We all say we have “no time” to do what we want. But in reality many of us whom say this statement “overspend” time on various activities that are not for our highest good, which serve as distractors because we have anxiety over being able to have exactly what we want (usually due to our own false and limiting beliefs, but that’s a blog for another day!). It’s easy to get off track given all the distractors we have thrown at us from all directions each day.
So why do we divert our attention from our inner selves and focus so much on the external (consumption) instead (shopping, dining out, cars, luxury goods, drugs, alcohol…) and avoiding potentially fulfilling and beneficial activities because we are afraid, bored, or just in the habit of doing so.
What are your distractor factors?
- Do you perhaps watch TV instead of finishing a work project?
- Do you go shopping when you feel down and put everything on a credit card (when you only have $5 left in your bank account)?
- Do you spend what may amount to hours engaging in social media—each day?
Don’t get me wrong, we need activities for rejuvenating and nourishing ourselves, or just for fun but sometimes we go overboard and these same activities actually harm us by taking us away from valuable/advantageous activities. The point is not to judge, but just to become aware of time which we may be able to put to more productive use (or even to be used for self-care—such an important thing!)
A simple way to become conscious of what might be your “distractor factors” is to reflect on the past few days with these 6 Questions:
- When did you procrastinate to avoid something?
- How did you procrastinate (what did you do instead)?
- Why do you think you avoided it? (this is huge!)
- How much valuable time do you think you could have saved if you had engaged in the activity sooner?
- How did you feel when you avoided the activity?
- How did you feel when you finally did the activity?
The more conscious you are of your distractors, the more you are able to be empowered and limit the time you spend on them. And trust me—the better you’ll feel. It may not be feasible to completely take them out right away, in fact I wouldn’t recommend that because it’s a relapse waiting to happen, but you can begin to decrease the amount of time spent on said distractor.

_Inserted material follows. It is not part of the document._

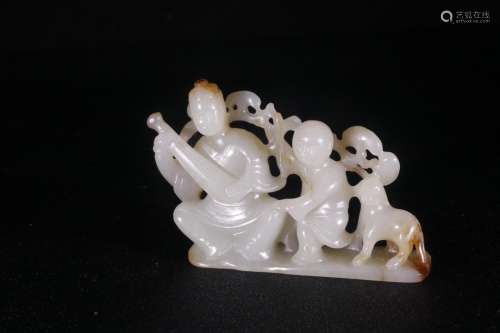 A Chinese Hetian Jade Ornament Of Story-Carving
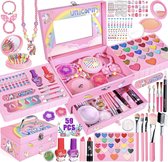 Meisjes Make-up Set in Koffer - 59-delig, Wasbare Make-up voor Kinderen, Meisjesspeelgoed, Geschikt als Cadeau voor Meisjes van 5 tot 12 jaar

As awareness grows, you may find your distractors (and time spent distracting) decrease. As this happens, you will notice you have more time to spend on necessary things (like paying the bills, cooking dinner…), self-care (walk in the park, hot bath, listening to relaxing music), and joyful activities (spending time with loved ones, engaging in favorite hobbies).
For me personally, I dislike and avoid public speaking at all costs. And when I am forced to do it, I fret about it daily (and hourly!) until it is over. But the feeling I get when it’s over (even if I didn’t do the greatest job on the presentation) is indeed exhilarating! It is a success in itself that I survived (haha), and that should be celebrated!
Oftentimes, once we do finish the activity, we feel SO much better. We are on cloud nine! So why delay that wonderful feeling? Increase your consciousness of your personal distractor factors so you can begin living more productively, purposefully, and presently.
Also, remember to take a second and celebrate yourself for getting an important task done. Mentally congratulate yourself (or even give yourself a prize for completion: a piece of dark chocolate, a 15 minute break to take a stroll outside, etc). I mean hey, this is your life and nothing wrong with having a lil’ personal reward system in place.